The Relationship Of Bankruptcy And Mortgage
Filing for insolvency might not be the most popular way to get you out of financial trouble
. In fact many financial experts may advise against it unless there is no other plausible way for you to get rid of your increasing debts. This is because insolvency may have a huge effect on many aspects of your life from financial to psychological. One of the many things that are normally affected by insolvency filing is your mortgage. It may not really matter whether you are filing for Chapter 7 or 13 bankruptcies because any kind of insolvency may affect your current mortgages and perhaps even future home ownerships. This is probably why it may be a good idea for you to weigh the consequences of
bankruptcy and mortgage application or refinance before you go ahead to file for insolvency.
Bankruptcy and mortgage do have considerable effect on each other but it is normally insolvency that has bigger effects on mortgages rather than the other way around. Basically the extent of the effects
bankruptcy filing may have on your mortgages may depend on the type of insolvency that you may be qualified to file. If you are qualified to file for Chapter 7, you may be liquidating as many of your assets including your home that are not listed as exempt to pay off your creditors.

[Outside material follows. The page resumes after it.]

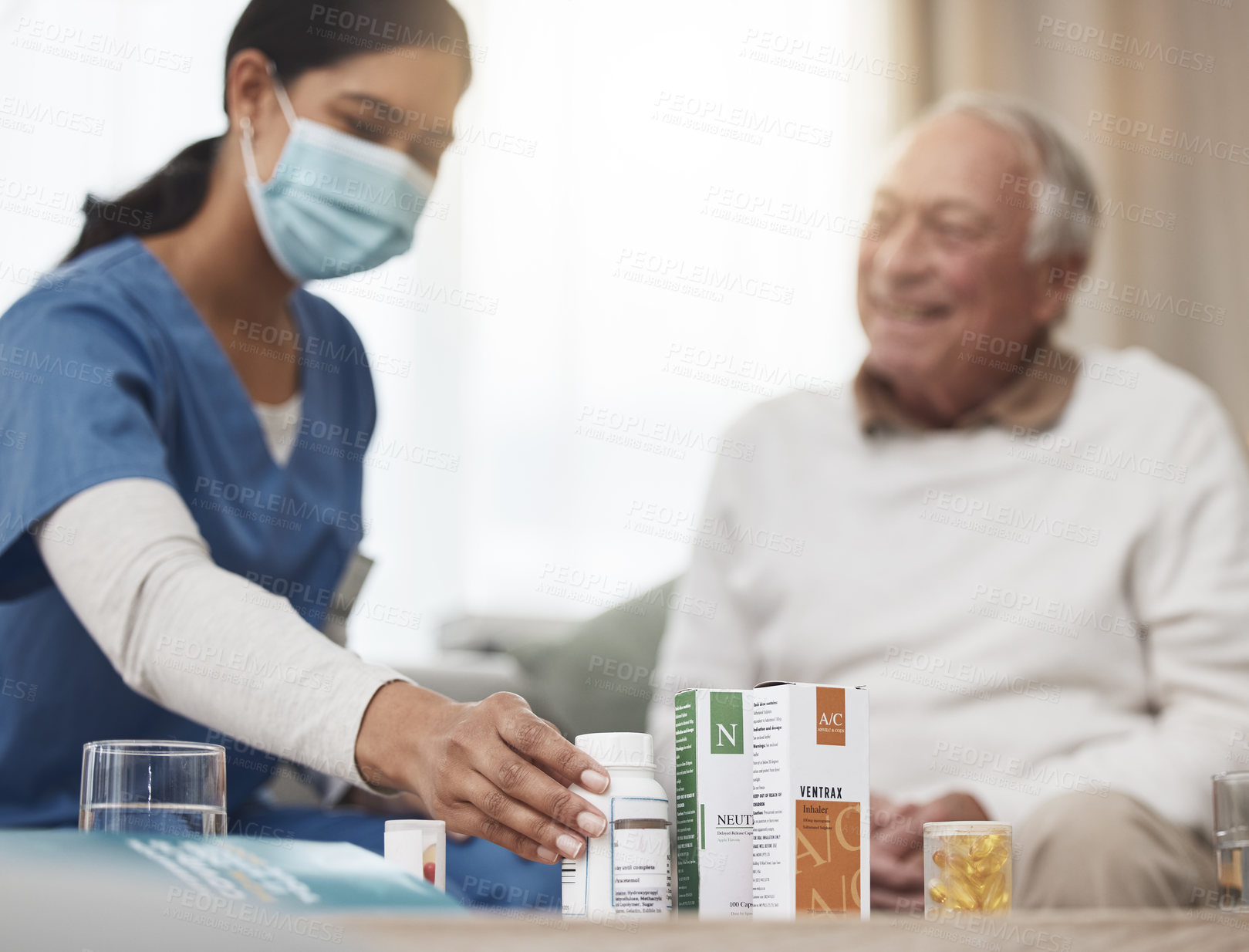 Buy stock photo Patient, nurse and medication with checkup at home with healthcare worker in retirement house for support. Treatment, tablets and hygiene with scrubs for visit with elderly sick man for recovery.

Normally you may only be allowed to retain a few personal effects for basic necessities such as clothes and work related tools. On the other hand, filing for Chapter 13 allows you to work out a repayment schedule with an appointed trustee where late charges and penalties may be eliminated without having to liquidate your assets that include your home. By doing so you may be able to retain your property. Generally lenders prefer Chapter 13 over 7 because you will actually be attempting to repay your debts instead of just writing them off. Either way, there is no guarantee that you may be able to retain your home or mortgage after the discharge of your insolvency.
Normally you might risk losing your home if you file for Chapter 7 insolvency but you may still be able to save your home if you wish to. You may have to file a reaffirmation agreement with your mortgage provider and come up with a plan so that you can clear your delinquent account within a specific period of time. This of course depends upon the discretion of your mortgage provider but many mortgage companies would prefer this method instead of seizing your property. Mortgage companies or banks normally would prefer steady monthly repayments over foreclosing your home due to the high costs of foreclosing.
Even after filing for insolvency you may not end up losing your home at all. However, many of you may think that it is impossible for you to do anything with your current mortgage except to try to pay it off as per the original agreement. Many of you might not realize that you may still be able to get a
second mortgage on your home even after insolvency filing. Of course it may not be as easy and there are a few things that you should be expecting like higher interest rates but it may still be obtainable. Some experts may advice against getting a mortgage refinance with your current lender but you may have the option of applying with a sub prime lender. Sub prime lenders generally specialize in providing loans or mortgages for applicants with history of insolvency, foreclosure or repossessions.
In general, filing for insolvency may have a huge impact on your finances including your mortgages. What you may need to realize is that although insolvency might make it slightly more difficult for you to regain your financial stability and be up to date with your debt repayments, with enough knowledge, spirit and determination you may be able to rebuild your finances and obtain financial freedom.